Obviously it can't be about luck, because that would deflate a lot of egos.
It all depends on what -- exactly -- you define as "luck."
If startups are luck, you should found as many as possible.
of course they are. But you have to have been working hard all those months/years, so you can capitalise on the luck when it comes.
First you are lucky, then you have a network.
There is no lucky
This is what I always thought.
Interesting topic, but the blogpost lacks data.
Michael Jordan and Lebron James definitely get lucky... But I'd bet on them hitting that lucky shot more than 99% of other basketball players because they just know how to execute. One of my friends was a top 10 high frequency equity futures (snp minis) trader in the u.s. i used to think damn he gets lucky all the fking time. i mean at best it's like 70/30 ratio. just pure luck. how does he just call the tops and bottom and never read a sec filing or financials of a company?! nope he is really that good at execution, and that's why he's only right 70% of the time whereas others are just coin flipping.
a lot of times. timing is luck. but a lot of people get lucky on timing... it's like if the bubble bursted next year then people would have said there was never an easier market to raise money / take risks / make quick money in mobile,social, etc. but i'm pretty sure there's a ton of smart people with luck on their side that's trying to do that right now; and 100 other variables besides luck will make majority of businesses fail.
how do you define luck? break down the components of luck.
there is definitely an element of "luck" (timing, what other actors in the relevant space are doing, etc.)
but the way you hedge against that is by exposing yourself to lots of things with a potential net upside. both in parallel and serially. you might have bad luck with one thing, then good luck with another thing. just like the reasoning behind YC-style investment bets, it only takes one of your little bets to pay off huge in order to more than make up for all the other little failures. which leads to the other complimentary tactic: minimize your spend (money,time,energy) you're willing to risk on any given thing before you see an ROI from it. Also, you never have to completely give up on a thing --- in the software/digital world especially you don't have to destroy/delete/throwaway things, you simply passivate them (put on the backburner), press Pause, etc.
LOL... sorry to laugh, but casual perception should tell you that if you have a startup and your first product's release is a PC game with a date that is four years out (Four YEARS?) - You are going to need more than just luck to be successful.
If successful startups are just lucky, then getting an A on your project/exams in school was all luck. Can someone show us someone making money with shitty products today? Yeah, it's possible to get popular with an incomplete buggy product, but if it's filling a need, it's better than nothing. You will still have to work hard and improve to maintain your position.
Say what you might about how facebooks earlier/current code was/is horrible and in PHP, Facebook has done amazing things to be able to handle a billion users every second/every day.
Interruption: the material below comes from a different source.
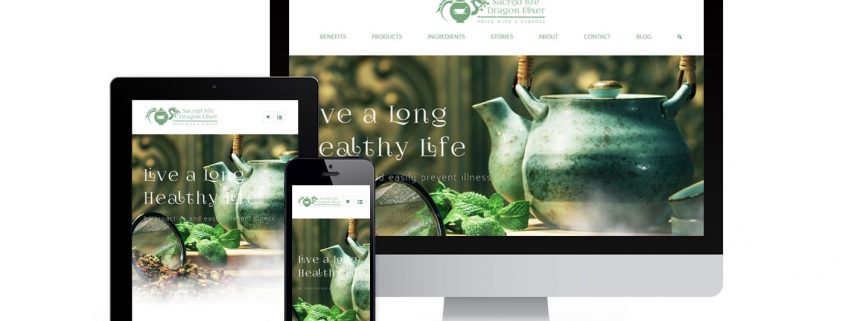 Website Designer Company in Chandigarh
Say what you might about how simple instagram or snapshot is, they filled a need and grew. Their products doesn't "suck", sure they might be valued ridiculously by some groups of investors, but don't discount their work.
Successful startups are not JUST lucky. There is always an element of lucky, but there is also the hardwork. One mistake a lot of "failed" startups make is thinking and believing that they failed. If your goal is to create an application that solves a certain problem and you do so. You have succeeded. A lot of startups have this goal, they don't really have a goal of making money. After they achieve a goal of building their app, then they want to make money and when they fail on that end, they consider everything a failure. The truth is that making money is not just about your apps or how smart you are or hard you worked to designed.
It takes a very different set of skills to market, hustle, and sell. A lot of programmers don't have those business skills, and they whine and cry when the world don't rush to their door for the better mouse trap. Don't cry, the world didn't know because you failed to market or they have heavily vested in another one because you started late.
If you want to really realize that startups are not just lucky, find the other group we don't talk about on HN that make money off the internet. The hustlers, these are guys with little to zero tech knowledge. They do whatever they can, outsource via internet, basic wordpress sites, they sell actually products, their business is rarely based on ads, their business is physical products, software as a service or ebooks etc. Technology is usually a small part of their game, maybe 10%, the other 90% is pure sweat and hustling. We don't hear for them, but there are many of them out there, making very good money.
Successful starts are not lucky, they out hustled the rest and that's just what it is. So if you wish to make money, don't just stay a hacker, become a hacker and a hustler.
All successful startups are lucky, but they're never just lucky. If they were, we could save ourselves a lot of work reading applications and doing interviews. We could just pick randomly instead. If we did that for one batch, you'd really be able to tell the difference, believe me.